To what extent even the more intelligent trade-union leaders felt true comradeship for their women co-workers it is difficult to say. The underlying thought may often have been that safety for the man lay in his insisting upon just and even favorable conditions for women. Even under conditions of nominal equality the woman was so often handicapped by her physique, by the difficulty she experienced in obtaining thorough training, and by the additional claims of her home, that the men must have felt they were likely to keep their hold on the best positions anyhow, and perhaps all the more readily with the union exacting identical standards of accomplishment from all workers, while at the same time claiming for all identical standards of wages.
There is certainly something of this idea in the plan outlined by President Strasser of the International Cigar-makers, and he represented the advance guard of his generation, in his annual report in the year 1879.
“We cannot drive the females out of the trade but we can restrict this daily quota of labor through factory laws. No girl under eighteen should be employed more than eight hours per day; all overwork should be prohibited; while married women should be kept out of factories at least six weeks before and six weeks after confinement.”
But it is a man’s way out, after all, and it is the man’s way still. There is the same readiness shown today to save the woman from overwork before and after confinement, although she may be thereby at the same time deprived of the means of support, while there is no hint of any provision for either herself or the baby, not to speak of other children who may be dependent upon her.
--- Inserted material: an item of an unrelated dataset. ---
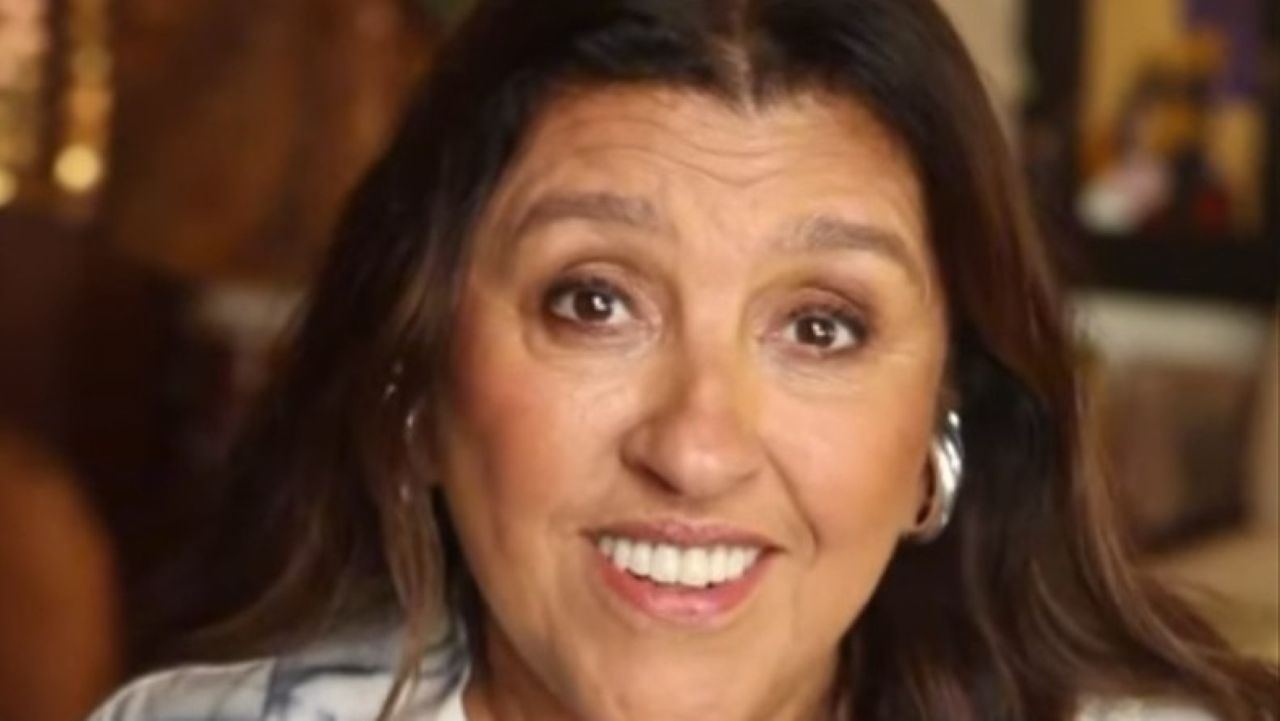 Regina conheceu o teatro em 1970 e decidiu se inscrever no curso de Sérgio Britto. Depois, em 1974, fundou o grupo teatral “Asdrúbal Trouxe o Trombone”.  Nos anos 1980, inovou no teatro com “A Farra da Terra”, espetáculo que incorporava projeções ao vivo, permitindo ao público observar com mais detalhes as expressões dos atores.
In many quarters today there is the same willingness to stand for equal pay, but very little anxiety to see that the young girl worker be as well trained as the boy, in order that the girl may be able with reason and justice to demand the same wage from an employer.
II
WOMEN IN THE KNIGHTS OF LABOR
So little trace is left in the world of organized labor today of that short-lived body, the Knights of Labor, that it might be thought worthy of but slight notice in any general review.
But women have peculiar reason to remember the Knights, and to be grateful to them, for they were the first large national organization to which women were admitted on terms of equality with men, and in the work of the organization itself, they played an active and a notable part.
From the year 1869 till 1878 the Knights of Labor existed as a secret order, having for its aim the improvement of living conditions. Its philosophy and its policy were well expressed in the motto, taken from the maxims of Solon, the Greek lawgiver: “That is the most perfect government in which an injury to one is the concern of all.”